MICHEL MARTIN, HOST:

Over the past few days, we've seen dramatic footage of survivors being pulled from the flattened buildings in Turkey and Syria. It seems impossible that anyone could survive something like that. But more than a decade ago, Cheslie Mesidor did. She was a college student in Haiti.

CHESLIE MESIDOR: January 12, 2010, started out as a typical, normal day. And I was getting ready to go to the university. Little did we know that day would change our lives forever. I remember sitting down, taking the exam, and I - we started feeling the room shaking. And as we got up to run to the door from the second floor to go outside, everything went dark. When I came about, I didn't know where I was, what happened. All - everything was dark. All I heard was screaming all around me.

MARTIN: The floors above her and the building where Cheslie and her classmates were taking their exams came crashing down.

MESIDOR: The classroom we were in collapsed so bad that all we could do was lay down flat on our backs. We could not sit down. We could not move around. We just stayed like that for 16 hours straight. And with the help of our parents, other professors and students, they were able to locate us, dig a small hole big enough to pull us out. We basically had to put both our hands up, and they would pull us from our arms and out to - out from the hole. And when I got out, the first thing I saw was sunlight, a lot of people in the yard. I saw cars. I saw the breeze. And of course, I saw my mother just crying.

MARTIN: Cheslie says she tries not to think about that day, but when she sees what's happening in Syria and Turkey, she can't help it. The memories come flooding back.
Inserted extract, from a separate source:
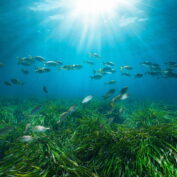 Stock image of fish and seagrass.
MESIDOR: And talking about it today is getting me emotional. But my heart are with all the victims and their families. And I try not to really go back to that day, but with what just happened in Turkey and Syria, it's like I was living it all over again emotionally. So what I can tell them about hope - it's to be there for one another. You don't have to go through that to feel their pain. You don't have to experience that to feel what they are going through. Yes, you will never fully understand, but at least have some empathy, sympathy and whatever you can do to help them.

MARTIN: That was Cheslie Mesidor sharing with us her story of surviving the 2010 Haiti earthquake.